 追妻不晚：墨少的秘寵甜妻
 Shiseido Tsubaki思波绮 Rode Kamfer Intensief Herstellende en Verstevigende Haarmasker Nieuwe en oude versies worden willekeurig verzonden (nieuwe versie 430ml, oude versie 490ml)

····················

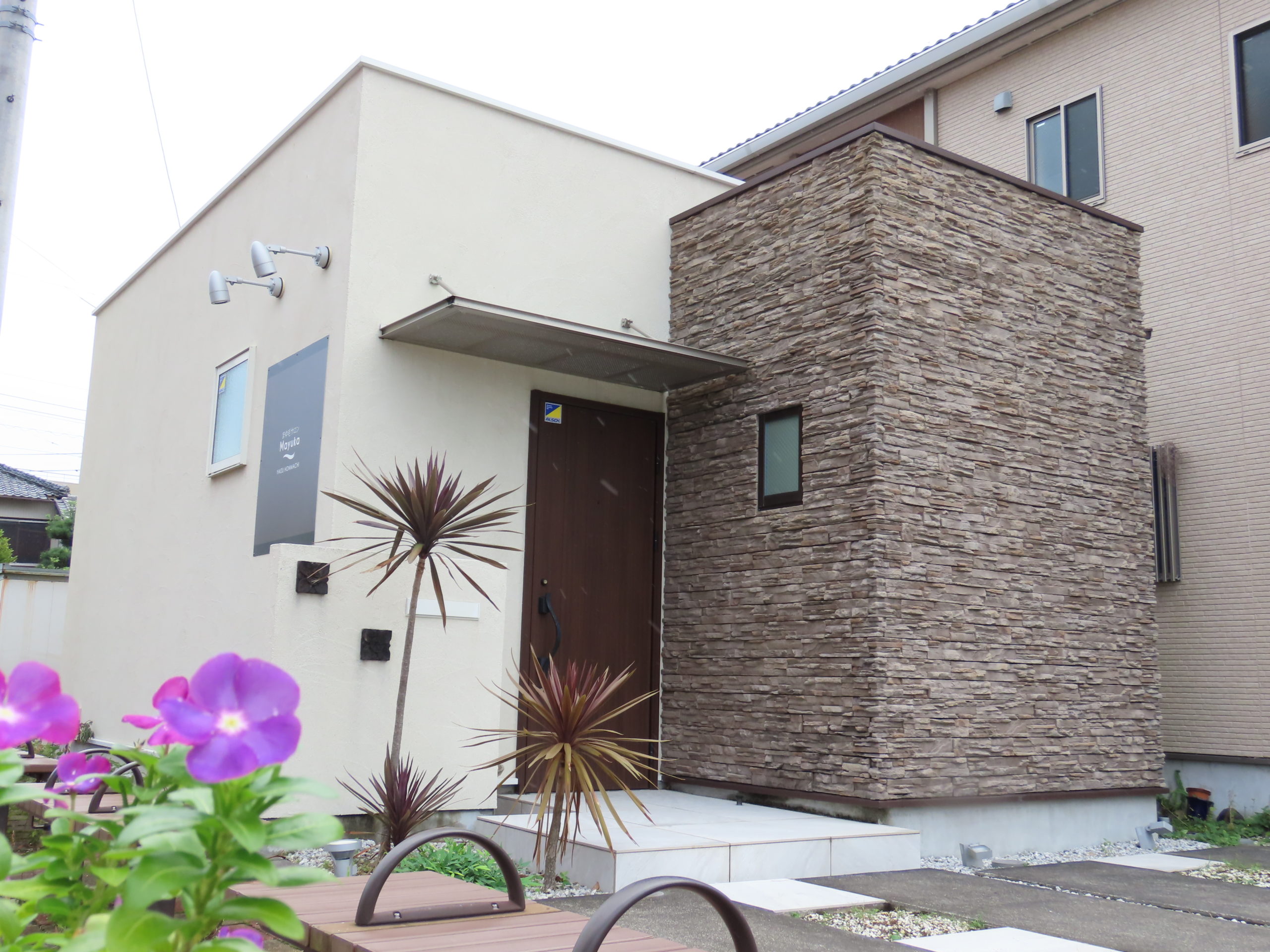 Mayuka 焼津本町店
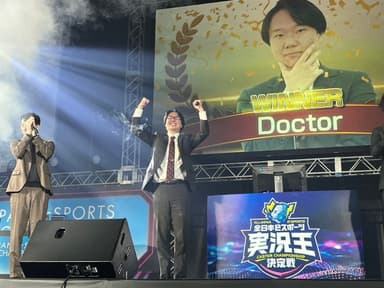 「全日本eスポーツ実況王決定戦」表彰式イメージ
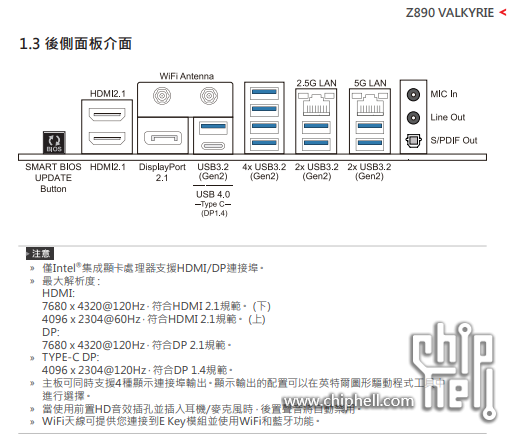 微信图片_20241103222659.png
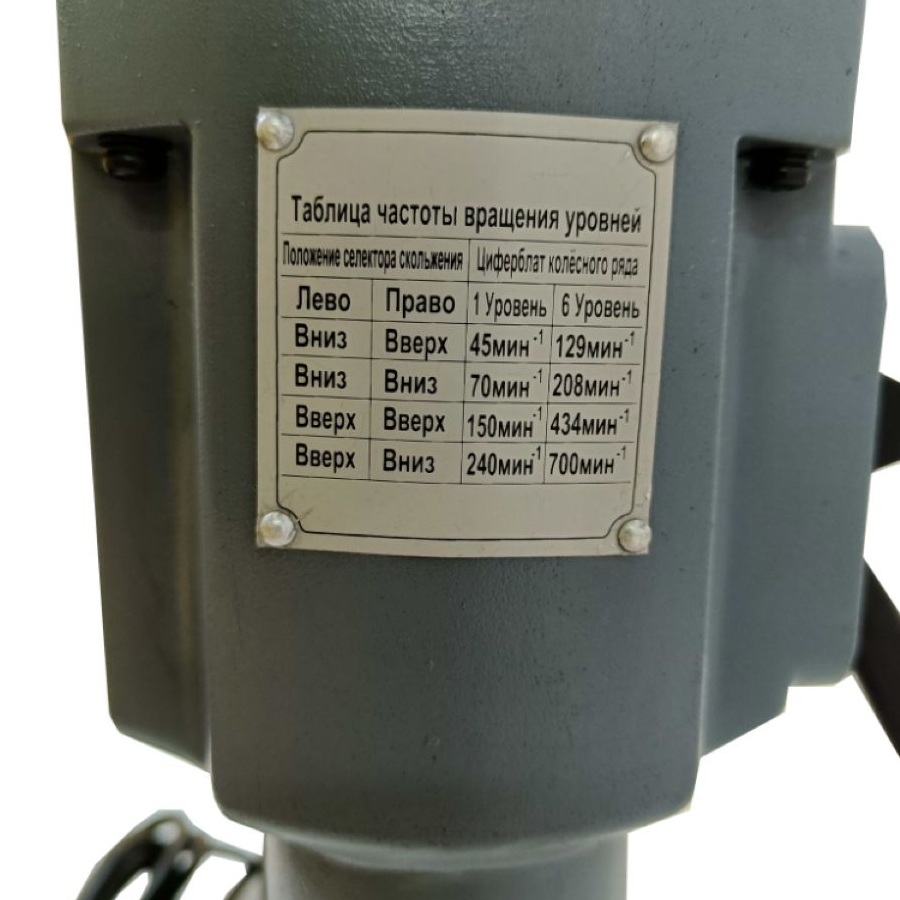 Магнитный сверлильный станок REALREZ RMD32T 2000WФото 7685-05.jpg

····················

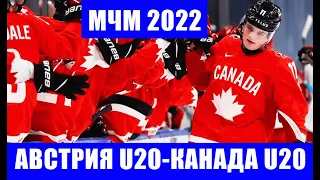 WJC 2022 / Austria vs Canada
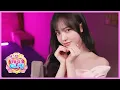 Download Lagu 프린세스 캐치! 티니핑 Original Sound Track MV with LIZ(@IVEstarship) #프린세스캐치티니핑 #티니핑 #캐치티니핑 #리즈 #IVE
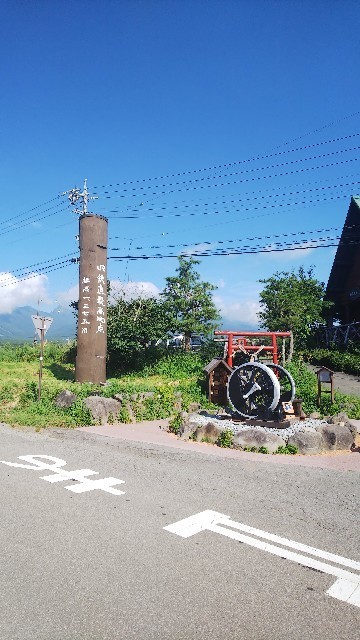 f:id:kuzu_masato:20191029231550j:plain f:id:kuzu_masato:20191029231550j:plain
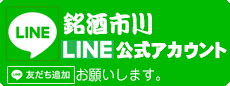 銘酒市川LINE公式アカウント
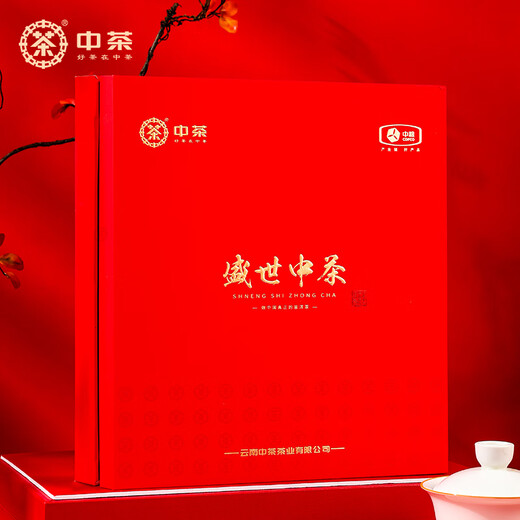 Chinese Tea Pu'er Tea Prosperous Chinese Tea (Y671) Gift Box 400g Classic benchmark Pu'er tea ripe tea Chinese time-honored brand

····················

● **Work order**
Would you please copy, word for word, everything above from the line containing "追妻不晚：墨少的秘寵甜妻" down to the line containing "Shiseido Tsubaki思波绮 Rode", those two lines included?

● **Output of the task**
 追妻不晚：墨少的秘寵甜妻
 Shiseido Tsubaki思波绮 Rode Kamfer Intensief Herstellende en Verstevigende Haarmasker Nieuwe en oude versies worden willekeurig verzonden (nieuwe versie 430ml, oude versie 490ml)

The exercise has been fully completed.